---- Data to process
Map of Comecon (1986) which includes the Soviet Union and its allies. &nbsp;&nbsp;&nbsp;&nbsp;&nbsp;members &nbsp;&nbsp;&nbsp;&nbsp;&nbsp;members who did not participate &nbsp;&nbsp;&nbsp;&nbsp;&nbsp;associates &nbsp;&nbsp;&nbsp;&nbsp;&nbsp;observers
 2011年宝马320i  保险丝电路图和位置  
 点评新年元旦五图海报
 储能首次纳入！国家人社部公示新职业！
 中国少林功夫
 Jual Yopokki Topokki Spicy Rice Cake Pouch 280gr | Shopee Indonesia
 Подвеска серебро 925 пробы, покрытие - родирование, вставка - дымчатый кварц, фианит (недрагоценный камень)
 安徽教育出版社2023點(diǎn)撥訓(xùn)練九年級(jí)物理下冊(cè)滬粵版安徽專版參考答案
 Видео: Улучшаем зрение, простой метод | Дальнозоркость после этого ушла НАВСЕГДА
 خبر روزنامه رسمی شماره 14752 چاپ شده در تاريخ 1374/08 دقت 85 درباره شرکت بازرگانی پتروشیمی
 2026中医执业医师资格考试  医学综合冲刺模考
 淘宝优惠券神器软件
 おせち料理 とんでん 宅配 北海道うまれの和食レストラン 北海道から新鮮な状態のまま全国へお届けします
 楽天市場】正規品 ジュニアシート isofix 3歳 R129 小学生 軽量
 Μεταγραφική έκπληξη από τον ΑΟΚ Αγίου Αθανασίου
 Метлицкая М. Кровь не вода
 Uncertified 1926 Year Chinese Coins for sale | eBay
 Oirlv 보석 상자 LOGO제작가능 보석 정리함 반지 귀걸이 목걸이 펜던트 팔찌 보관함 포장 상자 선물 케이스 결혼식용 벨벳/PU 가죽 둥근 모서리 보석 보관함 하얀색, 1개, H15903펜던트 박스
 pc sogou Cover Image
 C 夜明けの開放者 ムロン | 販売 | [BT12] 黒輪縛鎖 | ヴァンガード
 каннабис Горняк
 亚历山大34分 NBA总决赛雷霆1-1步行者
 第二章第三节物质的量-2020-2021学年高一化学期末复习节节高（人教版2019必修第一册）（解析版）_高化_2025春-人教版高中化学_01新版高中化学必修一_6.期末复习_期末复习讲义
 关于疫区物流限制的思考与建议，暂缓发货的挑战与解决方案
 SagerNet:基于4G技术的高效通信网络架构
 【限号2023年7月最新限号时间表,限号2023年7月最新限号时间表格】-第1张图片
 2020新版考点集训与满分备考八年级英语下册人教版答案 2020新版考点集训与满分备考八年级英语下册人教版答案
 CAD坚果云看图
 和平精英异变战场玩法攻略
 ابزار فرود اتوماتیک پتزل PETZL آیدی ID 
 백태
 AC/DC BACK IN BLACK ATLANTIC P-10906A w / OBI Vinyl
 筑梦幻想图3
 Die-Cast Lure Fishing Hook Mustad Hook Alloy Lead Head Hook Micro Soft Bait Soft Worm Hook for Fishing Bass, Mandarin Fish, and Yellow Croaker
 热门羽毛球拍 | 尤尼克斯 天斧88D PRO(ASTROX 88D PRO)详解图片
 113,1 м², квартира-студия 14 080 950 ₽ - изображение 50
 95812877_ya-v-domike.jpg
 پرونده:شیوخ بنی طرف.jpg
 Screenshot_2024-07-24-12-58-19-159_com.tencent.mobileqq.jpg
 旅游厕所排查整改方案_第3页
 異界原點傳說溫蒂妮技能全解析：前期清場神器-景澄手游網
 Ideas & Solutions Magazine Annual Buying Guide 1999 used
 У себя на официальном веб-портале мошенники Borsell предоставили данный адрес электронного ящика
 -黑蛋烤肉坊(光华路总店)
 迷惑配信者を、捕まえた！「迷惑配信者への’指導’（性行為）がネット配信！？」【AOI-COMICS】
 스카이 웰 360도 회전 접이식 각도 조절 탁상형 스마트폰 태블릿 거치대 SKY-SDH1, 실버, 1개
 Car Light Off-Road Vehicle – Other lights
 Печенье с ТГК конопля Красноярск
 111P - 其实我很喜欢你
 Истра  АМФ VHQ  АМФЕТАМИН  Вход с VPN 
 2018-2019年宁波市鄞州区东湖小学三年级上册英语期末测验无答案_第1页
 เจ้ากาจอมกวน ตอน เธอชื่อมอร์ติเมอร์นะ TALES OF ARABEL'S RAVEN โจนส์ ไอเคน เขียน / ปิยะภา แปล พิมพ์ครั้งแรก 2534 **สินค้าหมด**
--------
Task details:
Could you repeat every record above exactly as it appears?

Answer to this exercise:
Map of Comecon (1986) which includes the Soviet Union and its allies. &nbsp;&nbsp;&nbsp;&nbsp;&nbsp;members &nbsp;&nbsp;&nbsp;&nbsp;&nbsp;members who did not participate &nbsp;&nbsp;&nbsp;&nbsp;&nbsp;associates &nbsp;&nbsp;&nbsp;&nbsp;&nbsp;observers
 2011年宝马320i  保险丝电路图和位置  
 点评新年元旦五图海报
 储能首次纳入！国家人社部公示新职业！
 中国少林功夫
 Jual Yopokki Topokki Spicy Rice Cake Pouch 280gr | Shopee Indonesia
 Подвеска серебро 925 пробы, покрытие - родирование, вставка - дымчатый кварц, фианит (недрагоценный камень)
 安徽教育出版社2023點(diǎn)撥訓(xùn)練九年級(jí)物理下冊(cè)滬粵版安徽專版參考答案
 Видео: Улучшаем зрение, простой метод | Дальнозоркость после этого ушла НАВСЕГДА
 خبر روزنامه رسمی شماره 14752 چاپ شده در تاريخ 1374/08 دقت 85 درباره شرکت بازرگانی پتروشیمی
 2026中医执业医师资格考试  医学综合冲刺模考
 淘宝优惠券神器软件
 おせち料理 とんでん 宅配 北海道うまれの和食レストラン 北海道から新鮮な状態のまま全国へお届けします
 楽天市場】正規品 ジュニアシート isofix 3歳 R129 小学生 軽量
 Μεταγραφική έκπληξη από τον ΑΟΚ Αγίου Αθανασίου
 Метлицкая М. Кровь не вода
 Uncertified 1926 Year Chinese Coins for sale | eBay
 Oirlv 보석 상자 LOGO제작가능 보석 정리함 반지 귀걸이 목걸이 펜던트 팔찌 보관함 포장 상자 선물 케이스 결혼식용 벨벳/PU 가죽 둥근 모서리 보석 보관함 하얀색, 1개, H15903펜던트 박스
 pc sogou Cover Image
 C 夜明けの開放者 ムロン | 販売 | [BT12] 黒輪縛鎖 | ヴァンガード
 каннабис Горняк
 亚历山大34分 NBA总决赛雷霆1-1步行者
 第二章第三节物质的量-2020-2021学年高一化学期末复习节节高（人教版2019必修第一册）（解析版）_高化_2025春-人教版高中化学_01新版高中化学必修一_6.期末复习_期末复习讲义
 关于疫区物流限制的思考与建议，暂缓发货的挑战与解决方案
 SagerNet:基于4G技术的高效通信网络架构
 【限号2023年7月最新限号时间表,限号2023年7月最新限号时间表格】-第1张图片
 2020新版考点集训与满分备考八年级英语下册人教版答案 2020新版考点集训与满分备考八年级英语下册人教版答案
 CAD坚果云看图
 和平精英异变战场玩法攻略
 ابزار فرود اتوماتیک پتزل PETZL آیدی ID 
 백태
 AC/DC BACK IN BLACK ATLANTIC P-10906A w / OBI Vinyl
 筑梦幻想图3
 Die-Cast Lure Fishing Hook Mustad Hook Alloy Lead Head Hook Micro Soft Bait Soft Worm Hook for Fishing Bass, Mandarin Fish, and Yellow Croaker
 热门羽毛球拍 | 尤尼克斯 天斧88D PRO(ASTROX 88D PRO)详解图片
 113,1 м², квартира-студия 14 080 950 ₽ - изображение 50
 95812877_ya-v-domike.jpg
 پرونده:شیوخ بنی طرف.jpg
 Screenshot_2024-07-24-12-58-19-159_com.tencent.mobileqq.jpg
 旅游厕所排查整改方案_第3页
 異界原點傳說溫蒂妮技能全解析：前期清場神器-景澄手游網
 Ideas & Solutions Magazine Annual Buying Guide 1999 used
 У себя на официальном веб-портале мошенники Borsell предоставили данный адрес электронного ящика
 -黑蛋烤肉坊(光华路总店)
 迷惑配信者を、捕まえた！「迷惑配信者への’指導’（性行為）がネット配信！？」【AOI-COMICS】
 스카이 웰 360도 회전 접이식 각도 조절 탁상형 스마트폰 태블릿 거치대 SKY-SDH1, 실버, 1개
 Car Light Off-Road Vehicle – Other lights
 Печенье с ТГК конопля Красноярск
 111P - 其实我很喜欢你
 Истра  АМФ VHQ  АМФЕТАМИН  Вход с VPN 
 2018-2019年宁波市鄞州区东湖小学三年级上册英语期末测验无答案_第1页
 เจ้ากาจอมกวน ตอน เธอชื่อมอร์ติเมอร์นะ TALES OF ARABEL'S RAVEN โจนส์ ไอเคน เขียน / ปิยะภา แปล พิมพ์ครั้งแรก 2534 **สินค้าหมด**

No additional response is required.